I can tell you one fella who has yet to jump on the wagon and join the ranks of gun owners. I wonder is he is the only member of the NRA that does not own a firearm? LOL


----------



## 220swift (Mar 2, 2011)

After looking into the stock thing a little more I'm finding that the vast majority of firearms manufactures are privately held companies. So the stock thing maybe over quoted by me and the article.......


----------



## Rick Howard (Feb 25, 2012)

Are weapons manufacturers allowed to be publicly traded companies?


----------



## 220swift (Mar 2, 2011)

Yes, example below.....

http://www.nyse.com/about/listed/lcddata.html?ticker=RGR


----------



## Jonbnks (Jan 21, 2012)

Here are a few public companies that offer stock I've found.
OLIN CORP owns Winchester Stock Sign:OLN
STURM RUGER & COMPANY INC Stock Sign:RGR
SMITH & WESSON HOLDING CORP Stock Sign:SWHC

I might have to show my support to these companies by becoming a statistic and purchasing a couple more firearms.









Taurus :Buy any New Taurus Firearm and receive a Free 1-year Membership to the NRA.


----------



## Ruger (Jan 22, 2011)

I hope that more and more people are seeing the importance of owning a gun.

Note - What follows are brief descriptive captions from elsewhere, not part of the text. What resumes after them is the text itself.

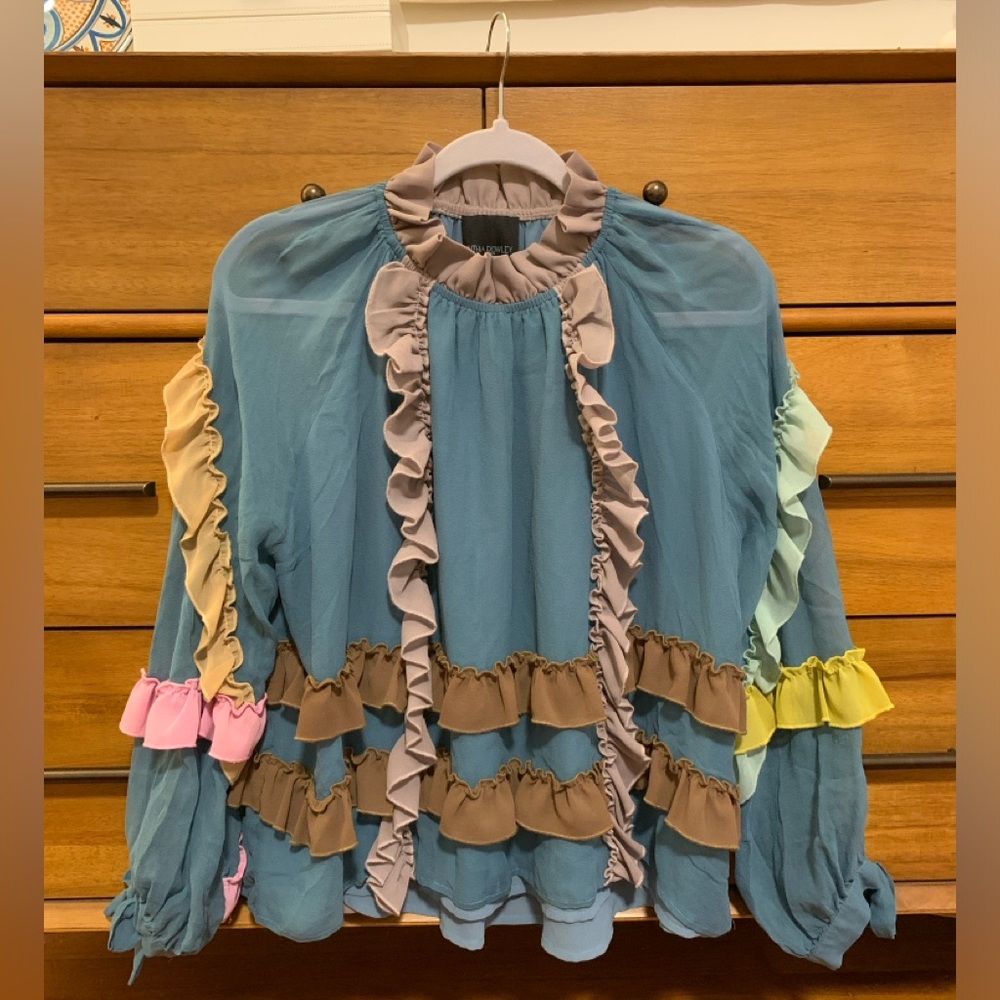 Cynthia Rowley Grace Ruffle Top Size Medium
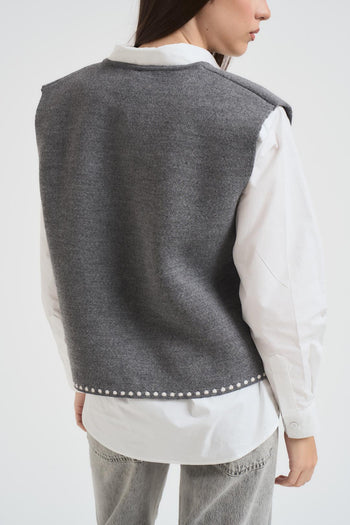 Gilet donna in jacquard grigio - 5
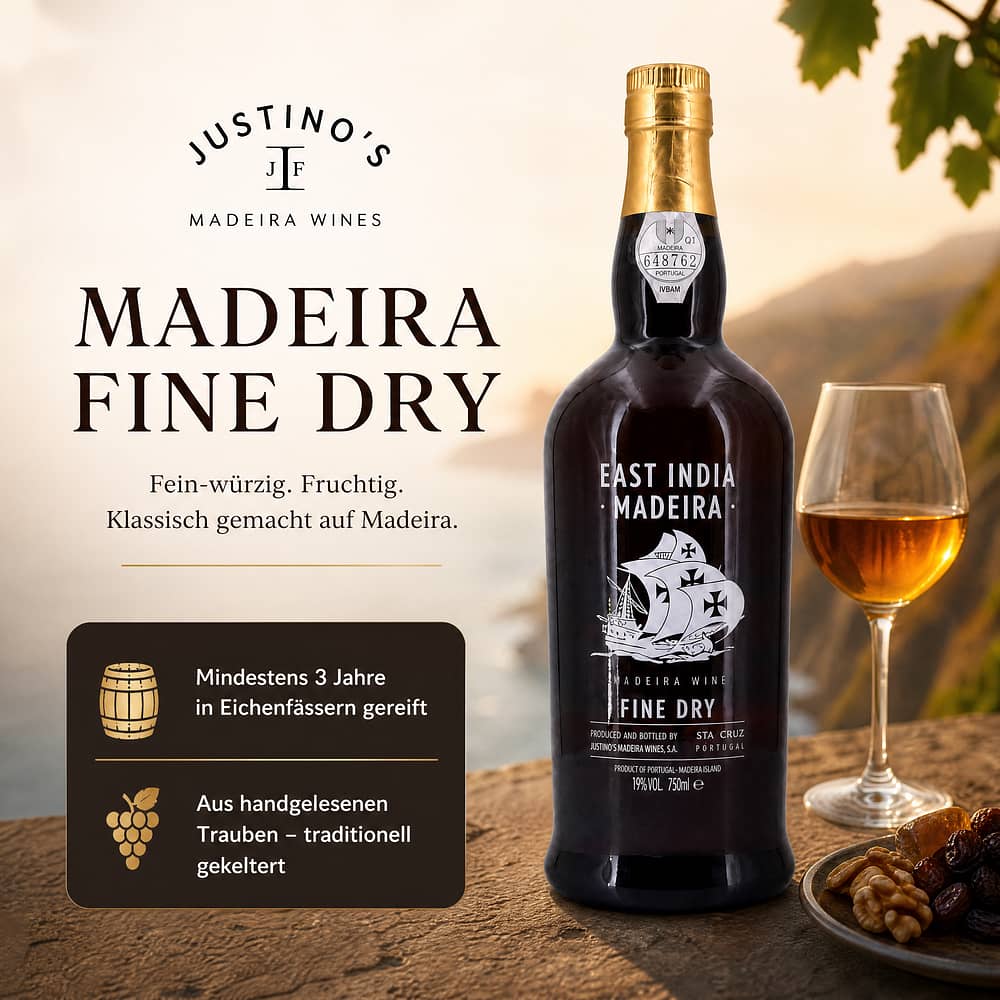 Justino`s Madeira Fine Dry 0,750 Liter/ 19.0% vol Produktbild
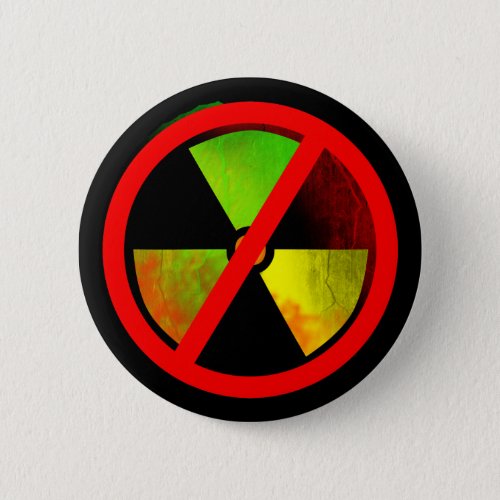 Radioactive Grunge No_Nukes Symbol Pinback Button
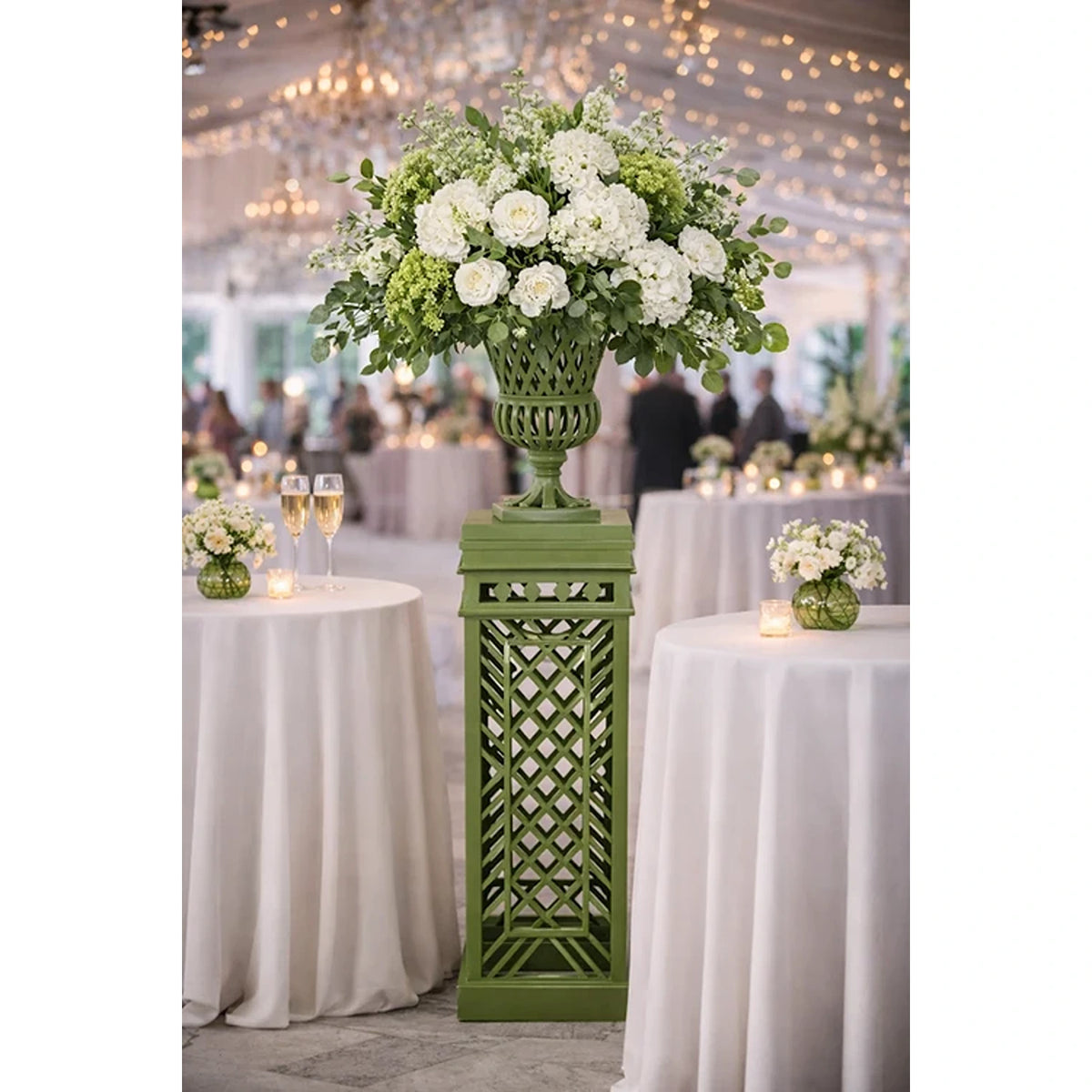 Lawn Green Cast Aluminum Fretwork Urn and Pedestal (2 Options)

If our people in this nation were armed a lot of thing could change for the better. Our nation needs to be armed and educated about firearms.


----------



## Rick Howard (Feb 25, 2012)

Educated then armed..... They teach archery in schools. I think they should teach firearm safety in schools too.


----------



## Rick Howard (Feb 25, 2012)

I thought there were some issues with weapons companies being traded. I could not remember what or if anything came of it. Not sure if it was anything more than media hype but, if I had to bet..... I would bet it was.


----------



## bones44 (Jan 7, 2011)

Glad to hear this Mike. Ruger has donated a lot of money to the NRA for hitting this milestone. The media avoids mentioning any of this because it doesn't sensationalize anything. Anyone notice the Colorado incident has dropped off the radar ? Pretty sad that something new for those clowns to jump on is right around the corner every day. I also heard Ruger quit taking orders for the rest of the year on any special orders or for more models of certain guns just so they can catch up. Pretty wild. Thanks for sharing !


----------



## 220swift (Mar 2, 2011)

The theater shooting still gets a little press here locally. If you guys have not heard, there has been a little over 4 million dollars donated to be slit up between the injured victims and families of the people that died.

The national media is WAY too busy trying to hang the Minnesota Republican that couldn't kept his thoughts and his mouth in sync. That guy is all about himself.

Enough said. 

Despite all the media's negative reporting on firearms, gun purchases continue to rise and will increase by the end of the year. Make the anti's and the State run media crazyLOL...LOL....LOL


----------